Even if you have a high level of non-violent crimes turning around an area is easier. If you have high violent crimes and low income then you can forget it. Could be decades if ever before a place turns over.

You need to find SAFE YIELD while getting a good return. That Is why it takes work to find deals.

You might have to create your yield by buying a big rehab property below market and fixing it out to rent in a good to great area. This way you get a cheaper price. Buy the ugliest house on the best street still rings true.

35% coc for a quality asset and areas just isn't realistic in my opinion. If you are hitting 20% coc you are doing well and many investors shoot for 10% minimum COC with their "tax equivalent yield" higher after depreciation.

And how much deferred maintenance have these properties gathered over the years? Each of these properties could easily need gut rehabs. Your theoretical 35% COC drops pretty fast when you don't have any tenants and have a big rehab bill coming out of the gates....

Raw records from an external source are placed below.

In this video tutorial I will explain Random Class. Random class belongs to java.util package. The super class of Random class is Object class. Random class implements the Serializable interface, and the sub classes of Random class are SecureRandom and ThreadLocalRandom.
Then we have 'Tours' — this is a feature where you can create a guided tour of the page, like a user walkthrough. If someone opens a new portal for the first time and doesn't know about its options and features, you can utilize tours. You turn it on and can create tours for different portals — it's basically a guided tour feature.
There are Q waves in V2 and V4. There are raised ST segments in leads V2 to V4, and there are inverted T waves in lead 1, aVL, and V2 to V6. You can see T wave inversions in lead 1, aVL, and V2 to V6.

I agree with @Brie Schmidt  , @Joel Owens  , @Derek Martin  

 and @Marc Boyd  : investing in not-so-good areas with high crime rate is not a good idea. The way I classify areas are:

A - you get no cashflow but more Appreciation
B - you get Both A & C
C - you get Cashfow but little to no appreciation
D - you get cashflow BUT with the tenant DRAMA and property DEPRECIATION
F - FORGET IT (war zone) or you're F****d up!

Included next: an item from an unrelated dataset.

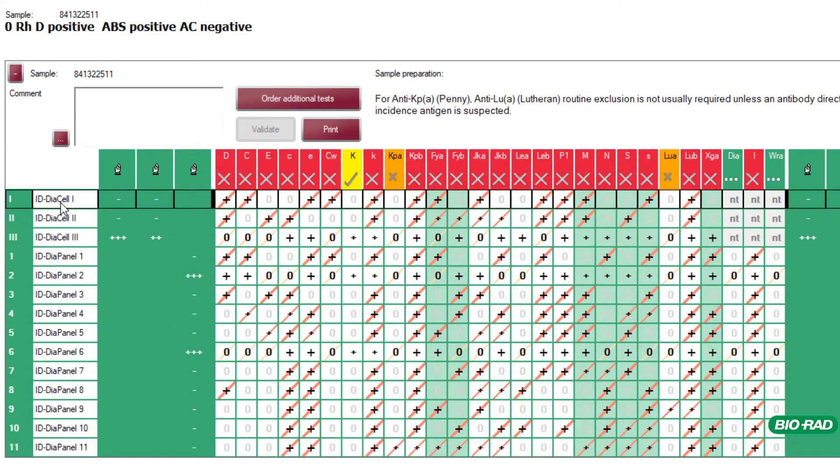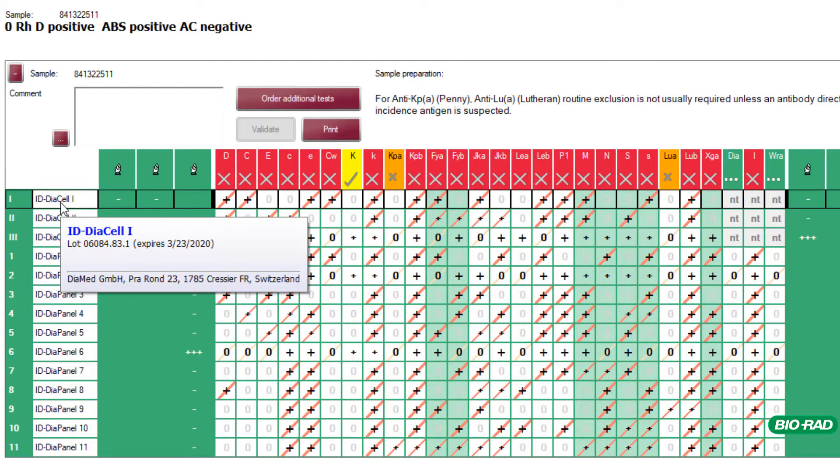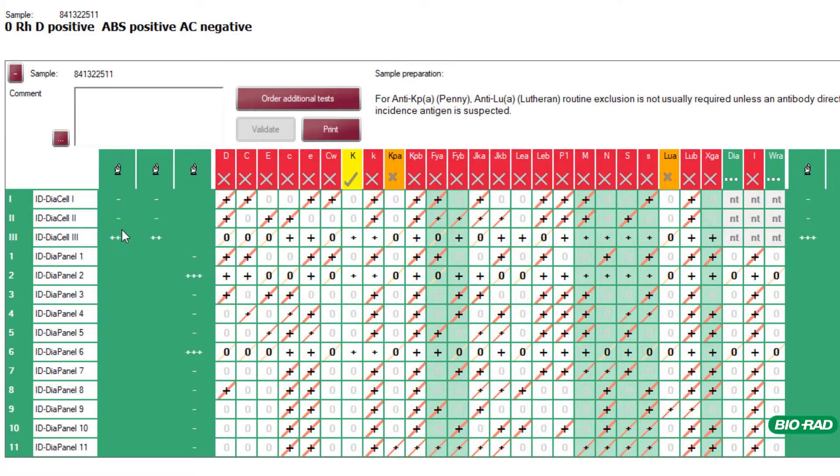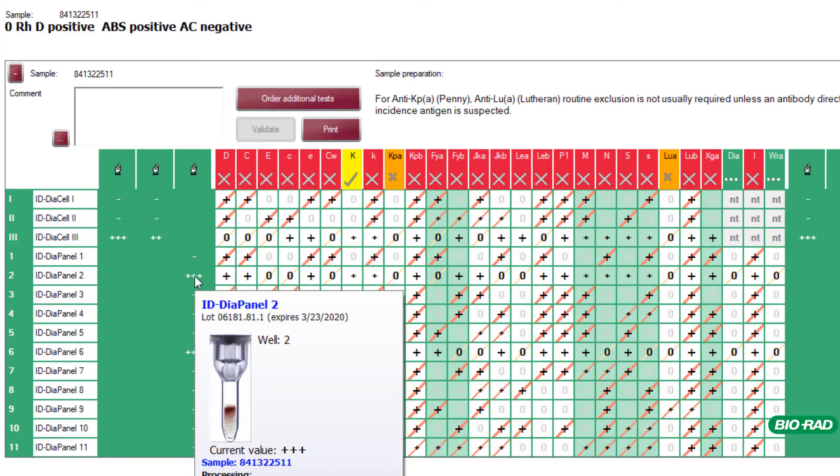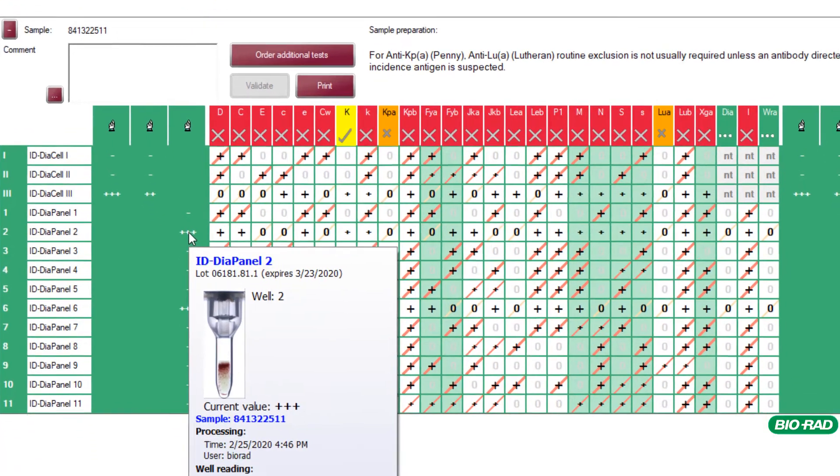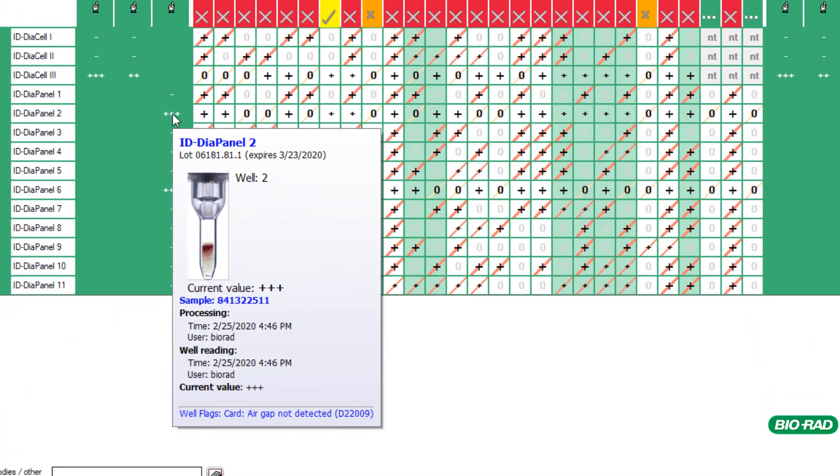The user can hover over different sections of the digital antigram to see more information. Here we can see the reagent red cell lot and expiry. Hovering over individual reactions will produce a well image and any relevant information on that test including user, date, time and if that result was changed manually.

If you really want to invest in the D & F areas, tread with caution. You can make money but you have to almost live in your property so you can watch it like a hawk. Investing in those areas is definitely NOT passive because you have to actively manage those properties (and even actively manage the property managers). The worst mistake of my investing in career is buying a 100+ year old building in a war zone. You can listen to it here (as Brandon and Josh interviewed me):

http://Biggerpockets.com/show65

I just got out of my ownership stake in a gut-rehabbed building in North Lawndale at a significant loss but I still couldn't be happier.  Gangs, drug-dealing, shootings, break-ins, graffiti, deadbeat tenants, garbage thrown everywhere, you name it - we had it all there.  Every property management company we interacted with either refused the job, wanted an exorbitant minimum monthly fee, or just plain did a terrible job managing the building.  Basically your only play is to fill it with Section 8 (which takes time but is do-able), but its still not worth the headaches.  

I just got out of my ownership stake in a gut-rehabbed building in North Lawndale at a significant loss but I still couldn't be happier.  Gangs, drug-dealing, shootings, break-ins, graffiti, deadbeat tenants, garbage thrown everywhere, you name it - we had it all there.  Every property management company we interacted with either refused the job, wanted an exorbitant minimum monthly fee, or just plain did a terrible job managing the building.  Your only play is to fill it with Section 8 (which takes time but is do-able) - but its still not worth the headaches.